Innoviva reported Q1 2026 results after the close on May 6, posting a massive EPS beat — $2.22 actual against a $0.36 consensus estimate — while revenue of $97.99 million came in slightly short of the $101.56 million expected. The stock entered earnings having lost 4.4% on the week, and how the market digests the EPS-versus-revenue split is the central question heading into the next session.

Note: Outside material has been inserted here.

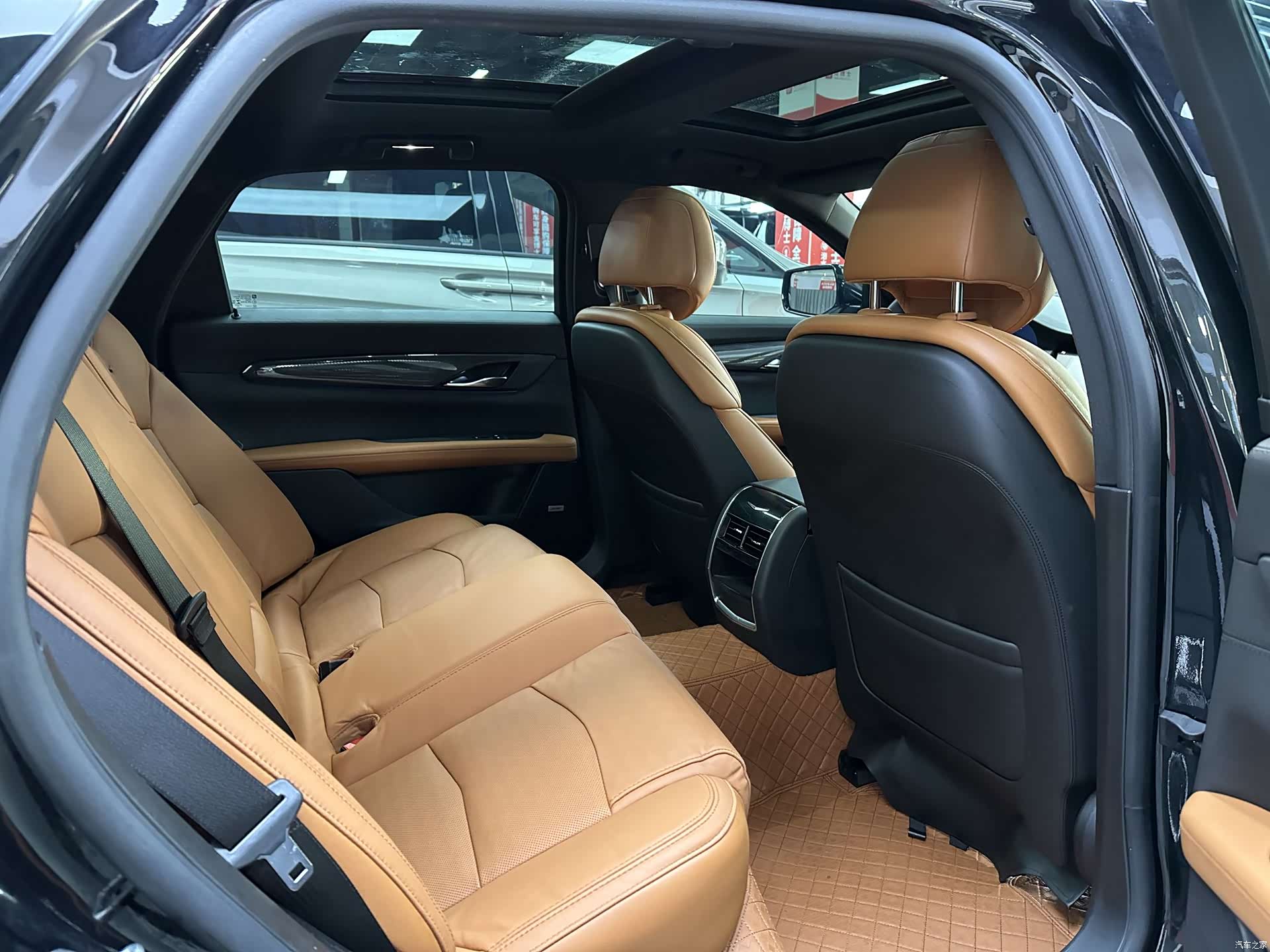 Cadillac CT6, 2022 10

The short-interest picture adds texture to the setup. At 9.0% of the free float — roughly 6.7 million shares — short positioning is meaningful but has been quietly unwinding. It fell about 0.4% on the week and is down 1.5% over the past month. That steady drift lower suggests shorts are not pressing the trade into the print. Cost to borrow is cheap at 0.51%, barely changed week-on-week, and availability is extraordinarily loose — available shares to borrow amount to more than 5,800% of current short interest. There is no squeeze pressure here, and shorts face no friction if they want to rebuild. The ORTEX short score of 56 sits in the middle of the range, consistent with a watched-but-not-extreme position.

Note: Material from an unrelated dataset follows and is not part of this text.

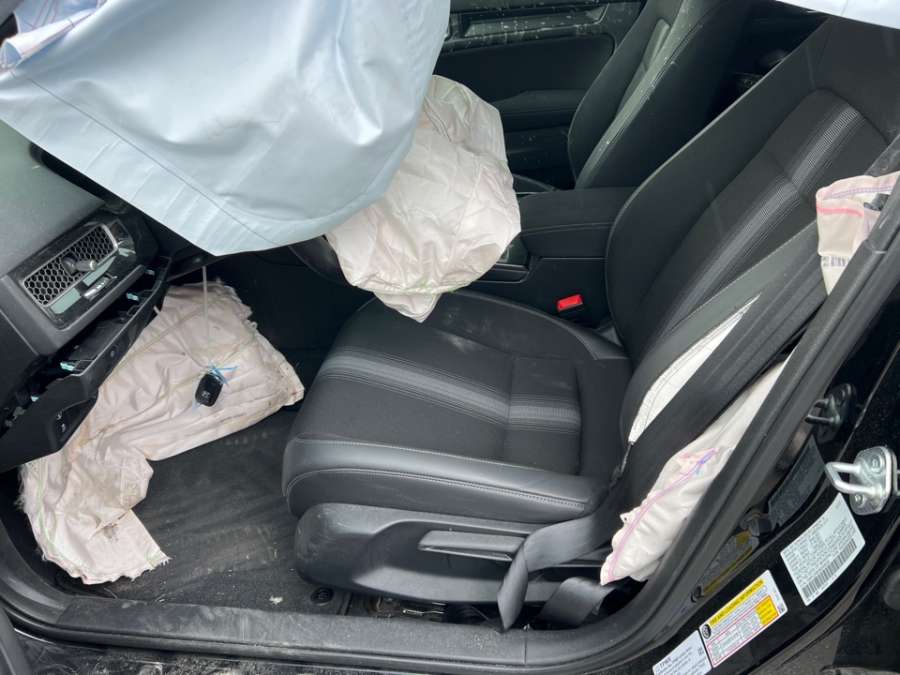 Обшивка стойки центральной правой Honda Civic 2021- 2021г. | Фото № 3 Обшивка стойки центральной правой Honda Civic 2021- 2021г. - Фото 3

Options traders were not particularly defensive ahead of the report. The put/call ratio edged up to 0.098, roughly 1.2 standard deviations above its 20-day average of 0.062. That is elevated relative to recent norms but modest in absolute terms — and the 52-week high of 10.1 puts the current reading in perspective. The options market was not pricing in a dramatic move. Availability in the lending market is extremely loose, which means the stock is accessible for shorts on either side of the print without meaningful borrow friction.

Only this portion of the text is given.